Hybrid minGRU x Attention

Introduction

This is a highly experimental implementation of a hybrid minGRU [1] x attention [2] architecture that is compatible with transformers [3]. The core parts of minGRU are based on [4, 5].

Note:

It is only compatible with the pinned transformers version (in the requirements.txt).
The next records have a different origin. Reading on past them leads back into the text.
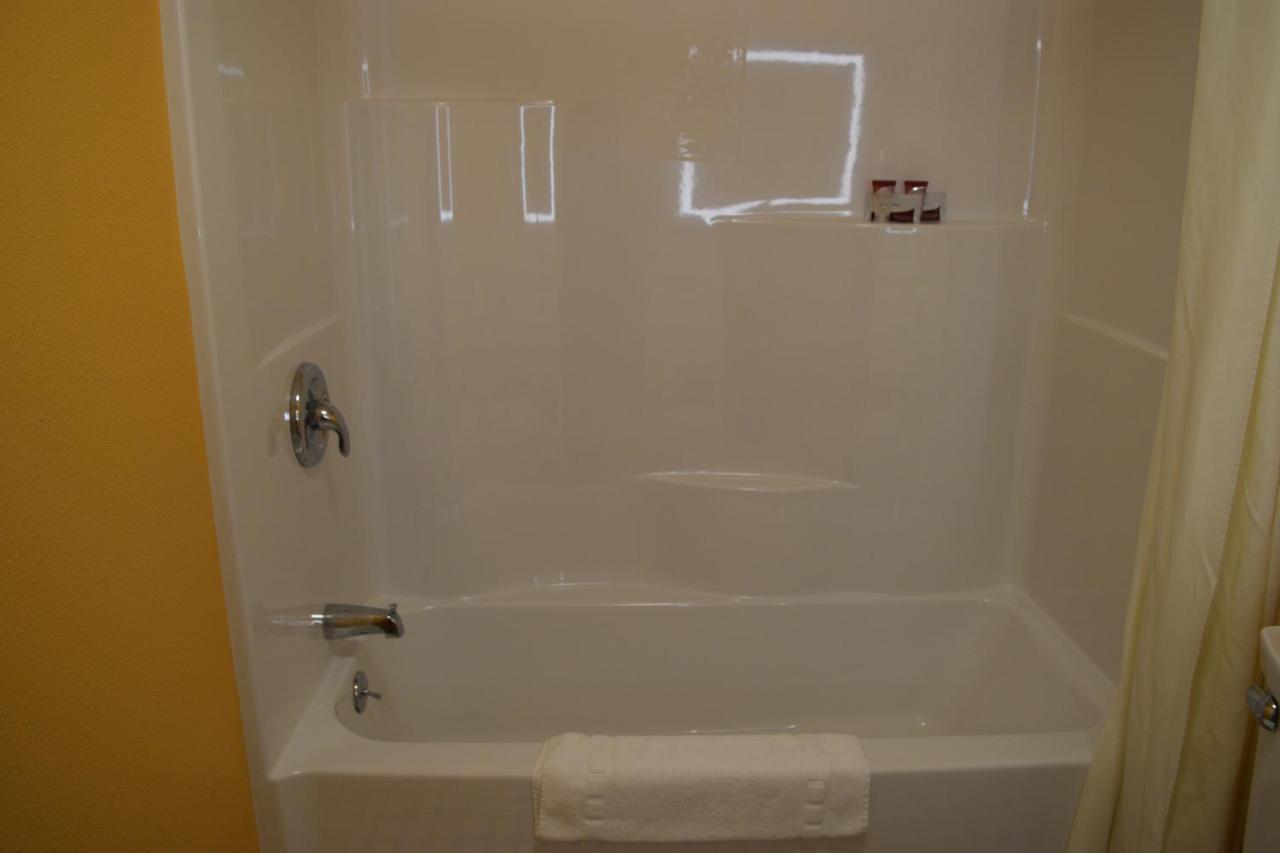 Kitchen Suite 2 King Beds Sofa Bed No Pets Allowed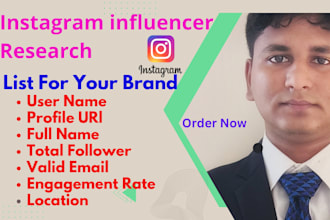 do data entry, copy paste, instagram influencer research with email provide
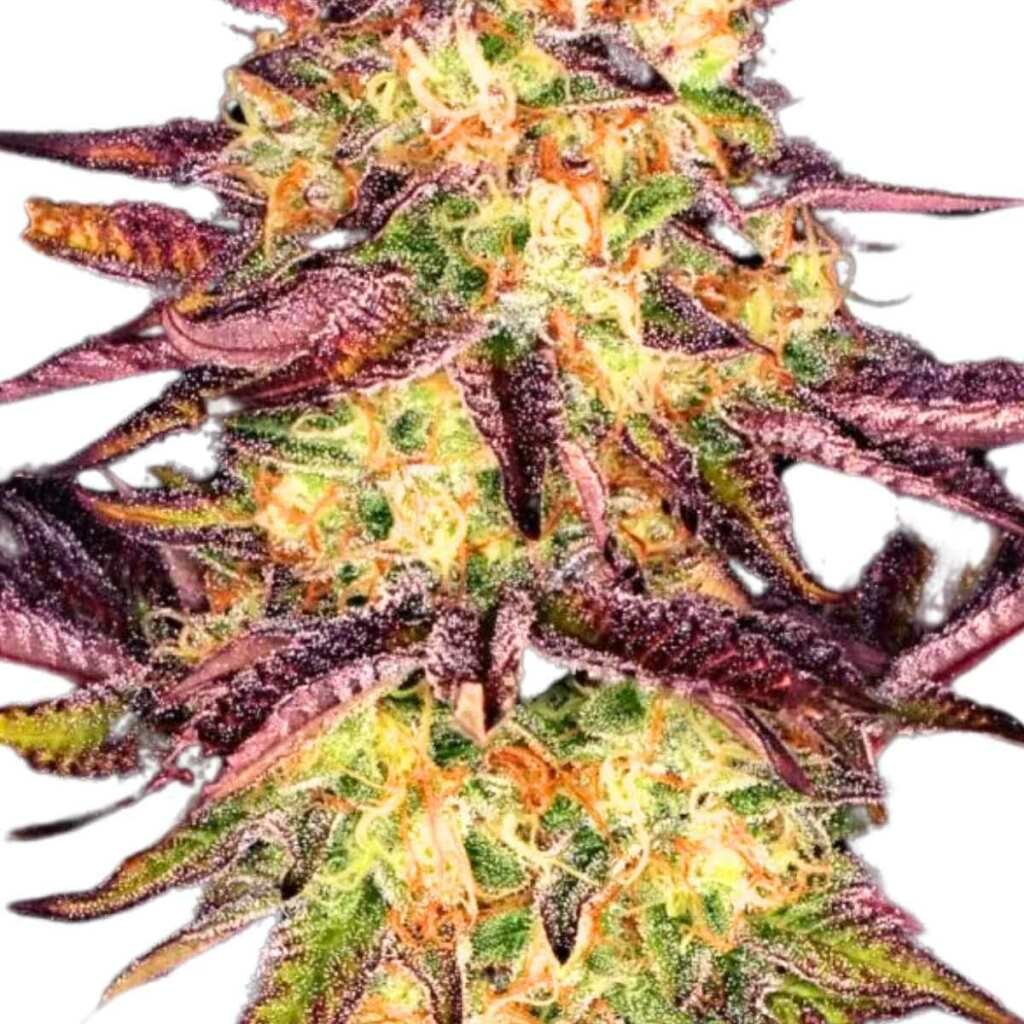 Paradise Seeds Tangerine Sorbet – Bild 2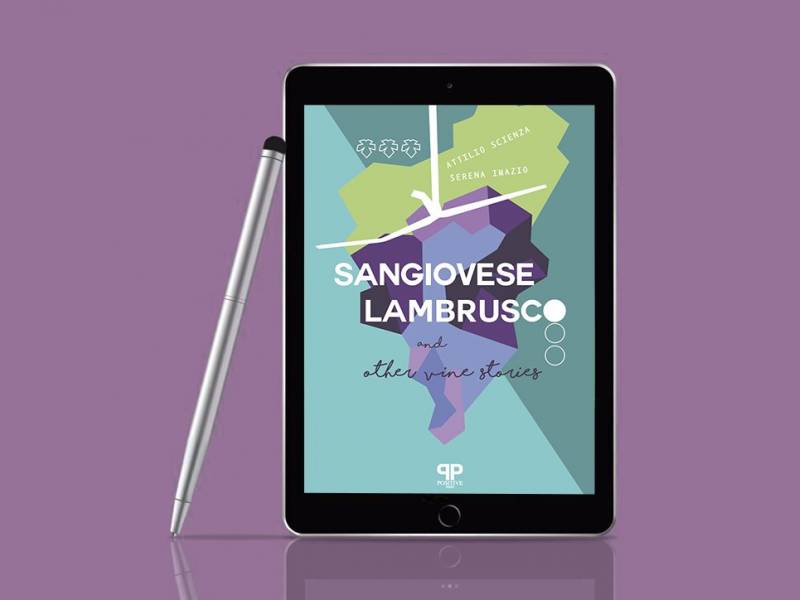 autohtonost je izraz koji je izgubio značenje 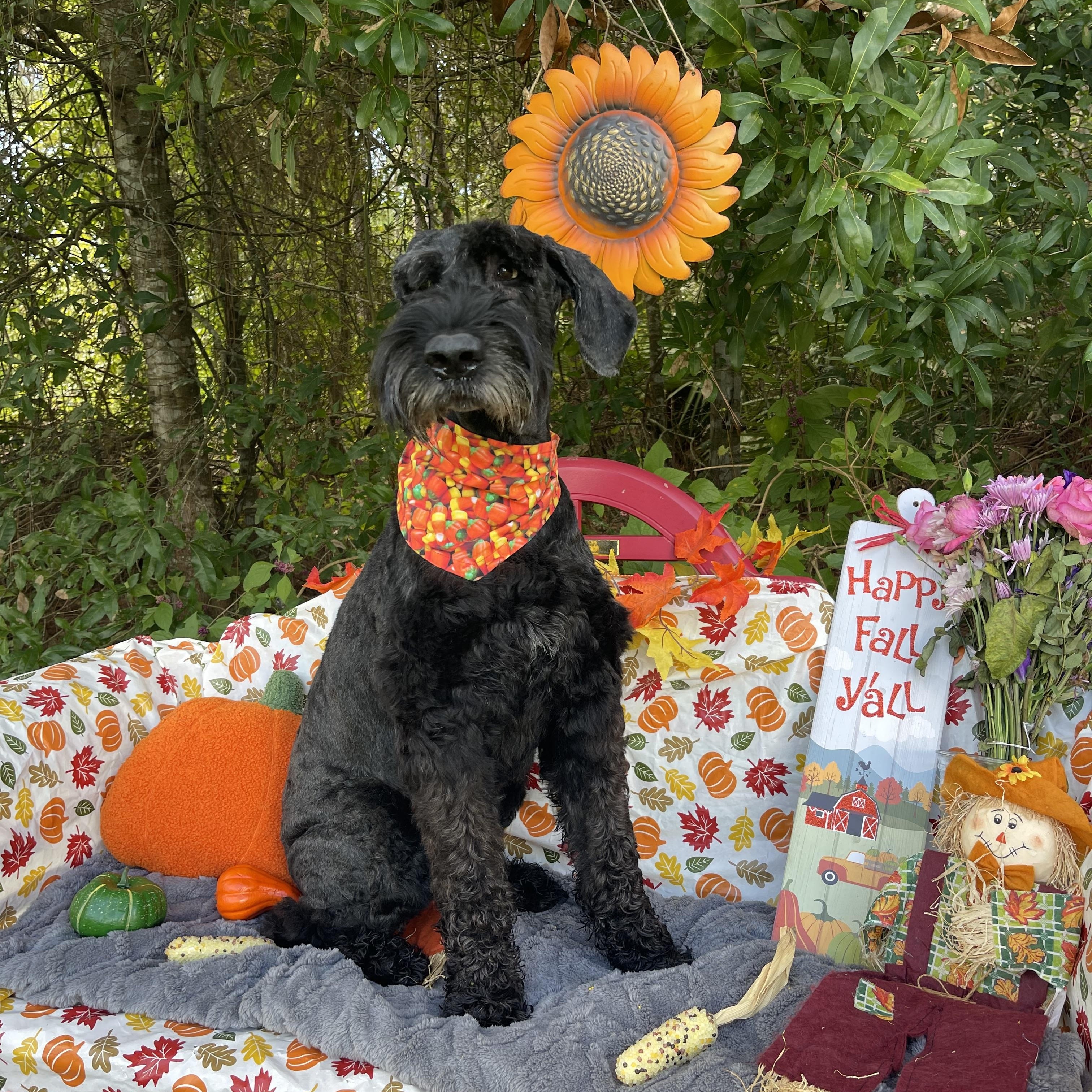 Enlarge Zala (in foster care), a Adopted Giant Schnauzer in Sebring, FL image 5/6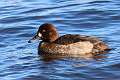 98: Duck-  Greater Scaup female 1st year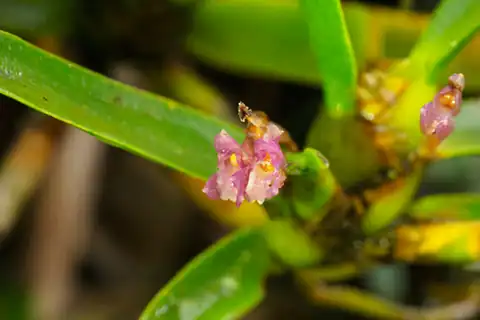 Foto dokumenter Maxillaria aggregata
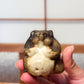 Figurine japonaise en céramique représentant un tanuki assis avec ventre arrondi, émail brun et crème, tenue en main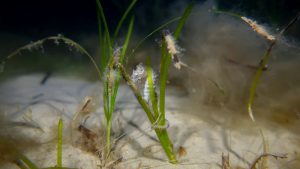 UK seagrasses seahorse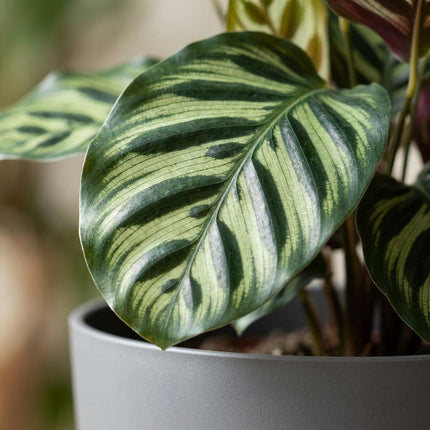 Calathea Makoyana - Roślina pawia - w szarej doniczce - ↕70cm - Ø19cm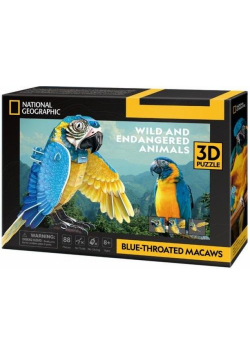 Puzzle 3d National Geographic Ara Szafirowa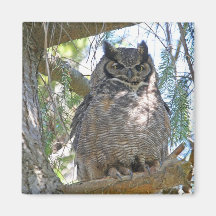 Great Horned Owl Magnet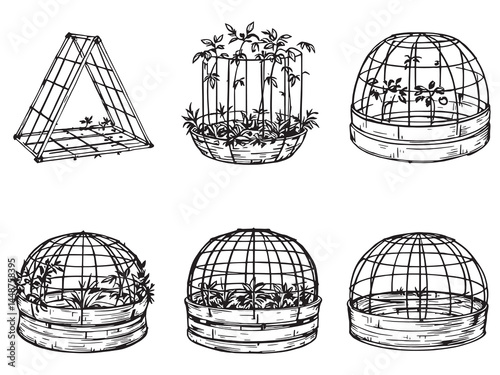 Line art garden structure for supporting tomato plants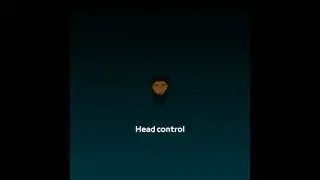Graal Era | Joystick with different heads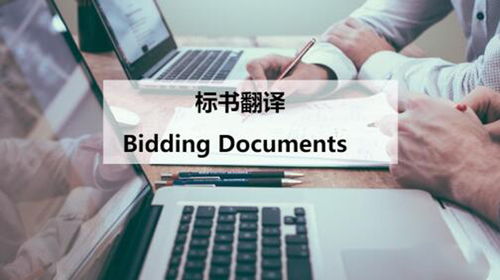 标书翻译服务 专业助力企业竞标国际化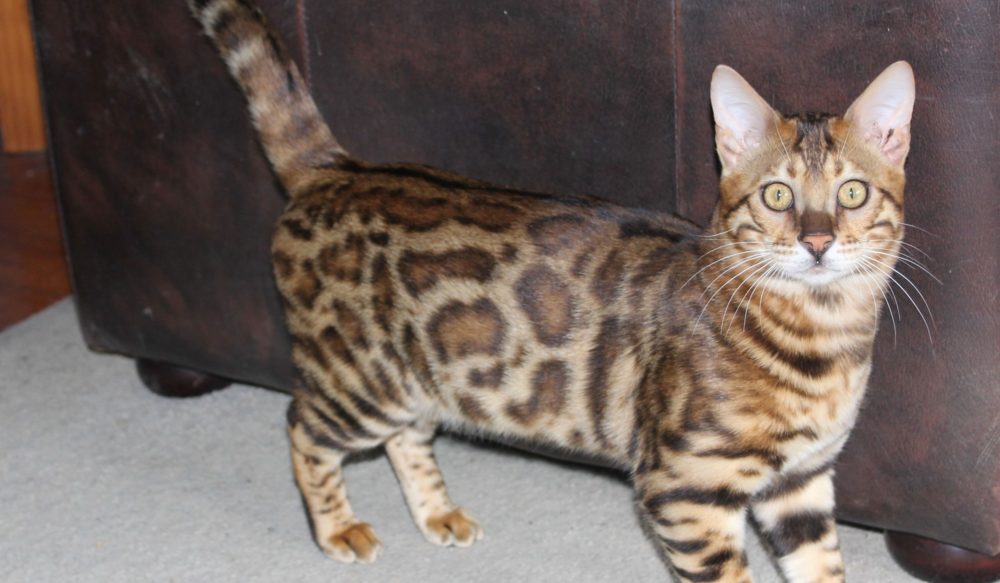 Photo 6 of Paddy the male Bengal cat.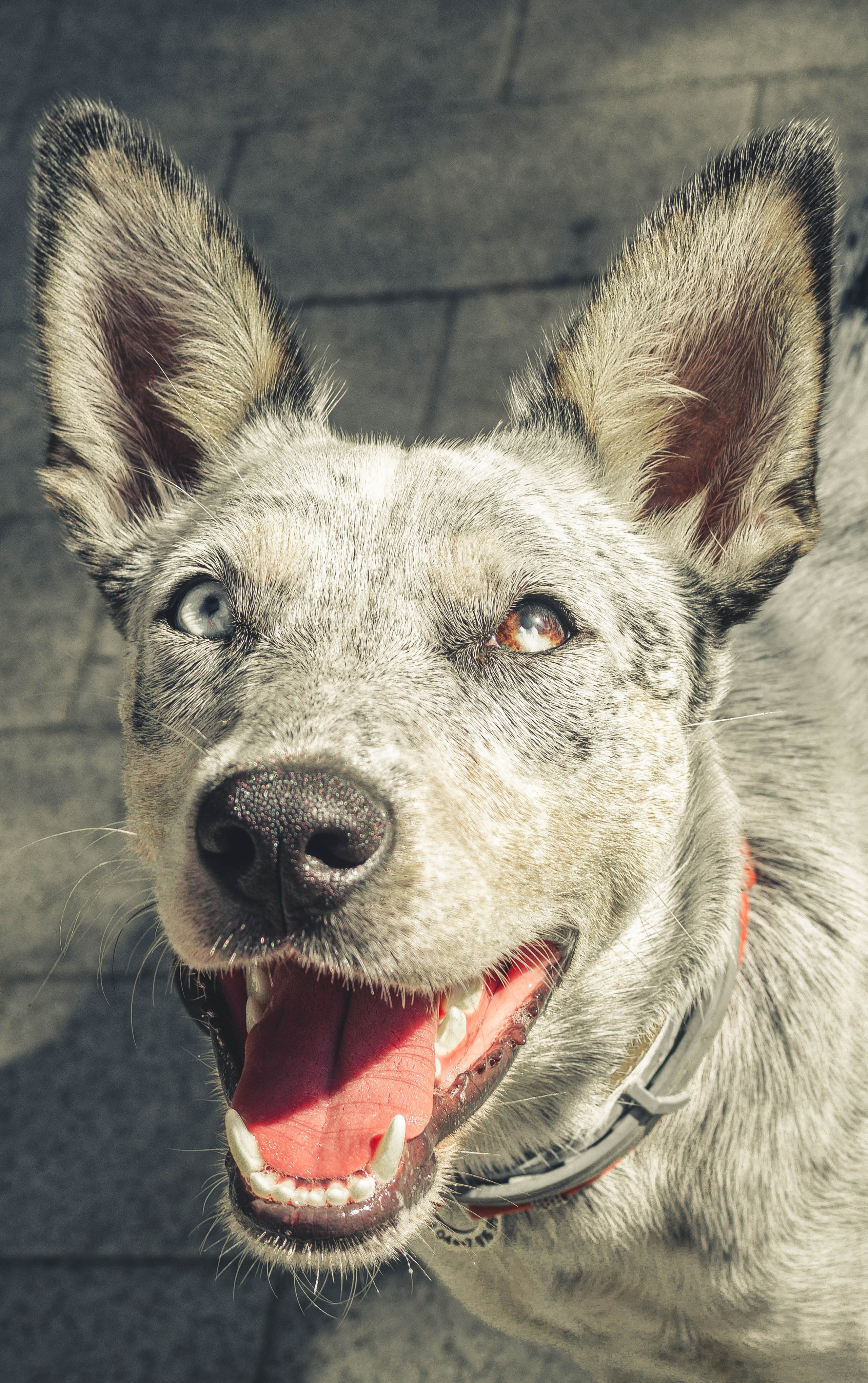 Цунами. Профессиональный фотограф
Otherwise, custom caches will be broken.
Attention is used with RoPE; eager, flash_attention_2, and sdpa implementations are supported.
For now, there is no support for initial hidden states in minGRU as it interferes with batched generation.
Potentially deviation from original [1] implementation as I only add the residual connection after the convolution + minGRU ops instead of after each one separately.

Don't expect this to work perfectly! I've done this quickly and scrapped parts together - it's a toy project through and through.

Installation

I won't distribute a pypi package, but you can use it as package by cloning the repo and installing it at root:

git clone https://github.com/vasqu/minGRU-torch.git
cd minGRU-torch
pip install .

I've semi-implemented the path for the cuda causal convolution. Thus, you could install the causal-conv1d package separately (for safety with version 1.2.0) which will then be utilized automatically.

Usage

MinGRU Block

import torch
from minGRU_torch import MinGRUConfig, MinGRUBlock

# random input
x = torch.randn(size=(4, 10, 256))

# construct a small minGRU block
config = MinGRUConfig(
    hidden_size=256,
    gru_expansion_factor=2,
    conv_kernel_size=4,
)
minGRU_block = MinGRUBlock(config, layer_idx=0)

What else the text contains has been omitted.